(Data records)
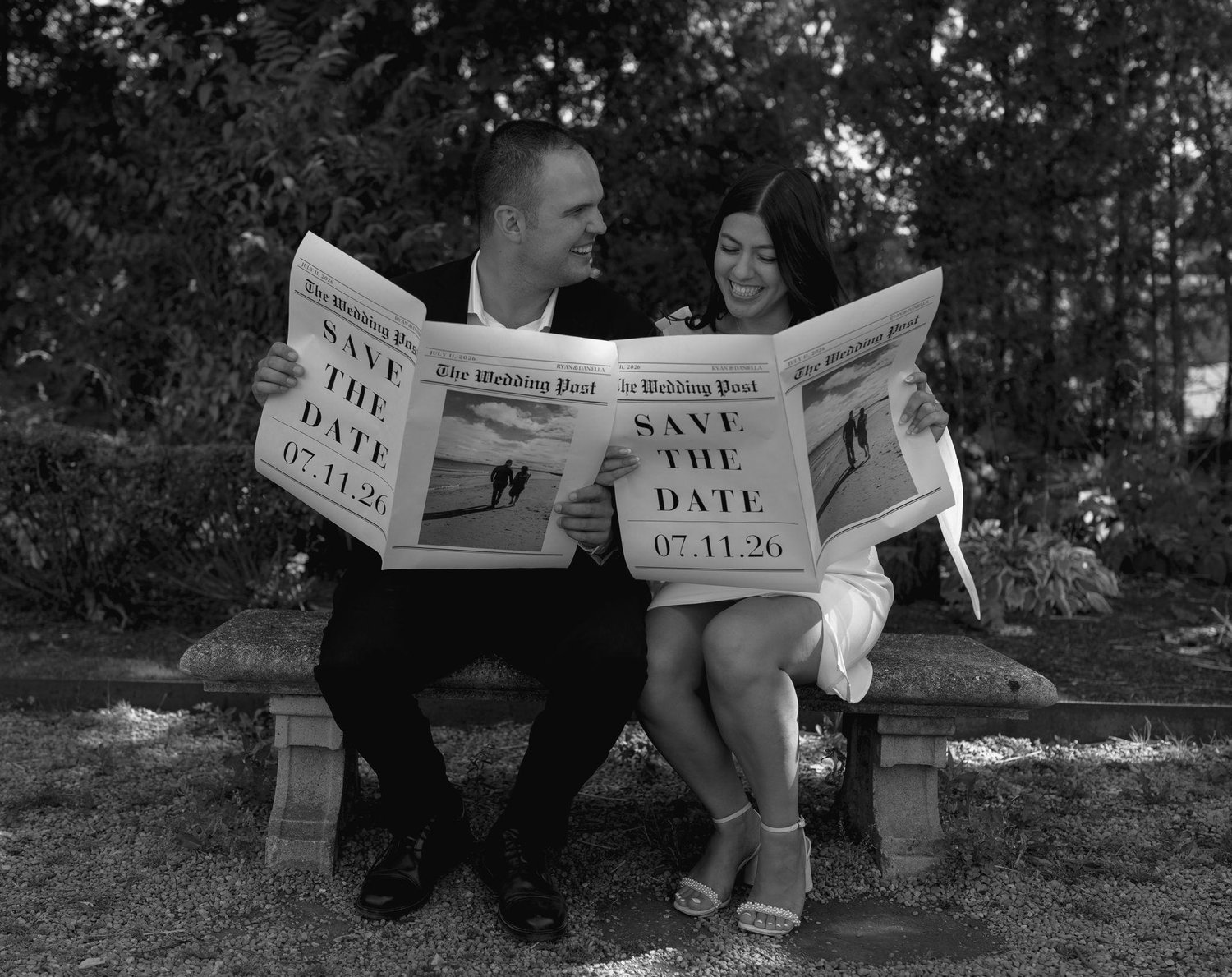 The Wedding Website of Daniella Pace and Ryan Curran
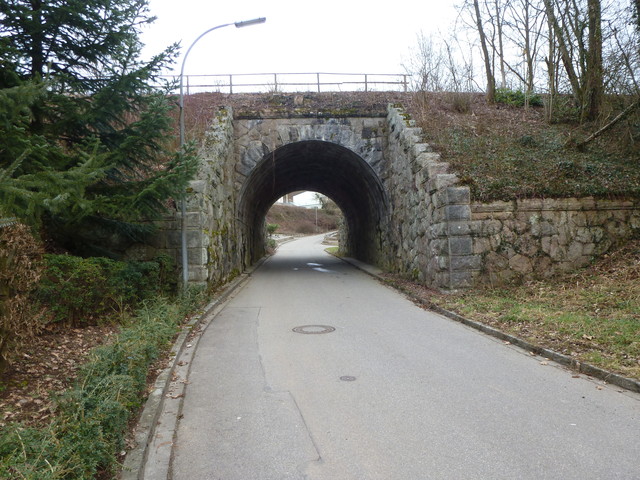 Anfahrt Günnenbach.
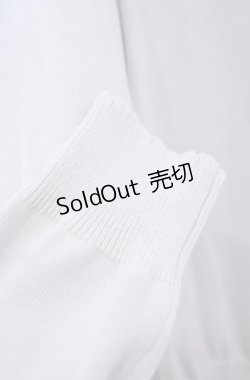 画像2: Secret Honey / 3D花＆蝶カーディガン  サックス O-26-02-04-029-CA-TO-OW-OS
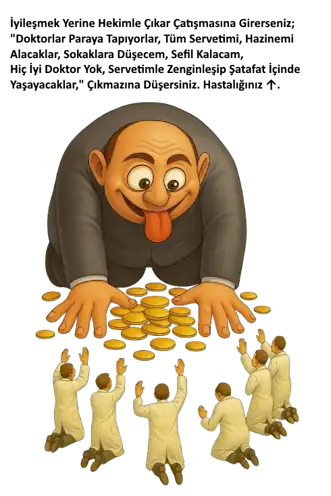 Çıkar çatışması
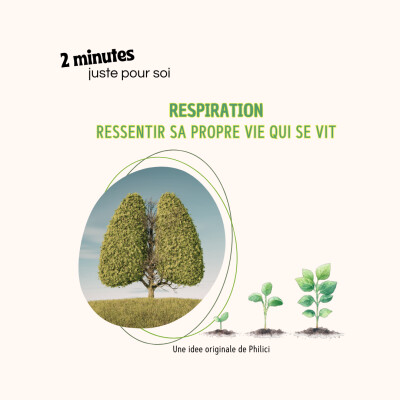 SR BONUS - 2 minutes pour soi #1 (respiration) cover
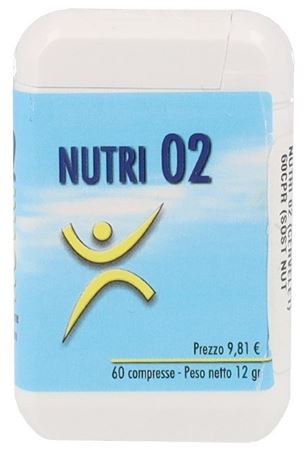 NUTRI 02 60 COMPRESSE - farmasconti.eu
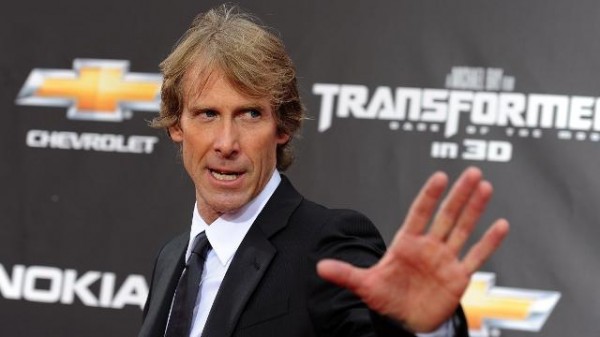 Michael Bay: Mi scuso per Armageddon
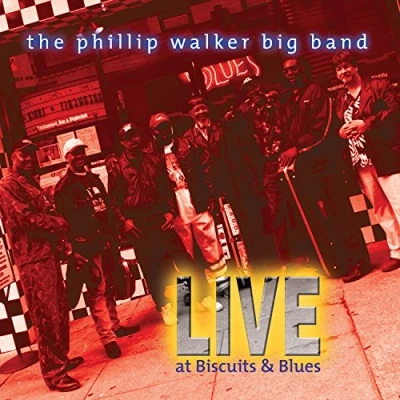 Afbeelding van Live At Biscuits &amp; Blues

# TASK INSTRUCTIONS:
Exclude the pictures and write out exactly the lines from the one holding "SR BONUS - 2" through the end of the entries, inclusive, and only those.

# EXPECTED ANSWER:
 SR BONUS - 2 minutes pour soi #1 (respiration) cover
 NUTRI 02 60 COMPRESSE - farmasconti.eu
 Michael Bay: Mi scuso per Armageddon
 Afbeelding van Live At Biscuits &amp; Blues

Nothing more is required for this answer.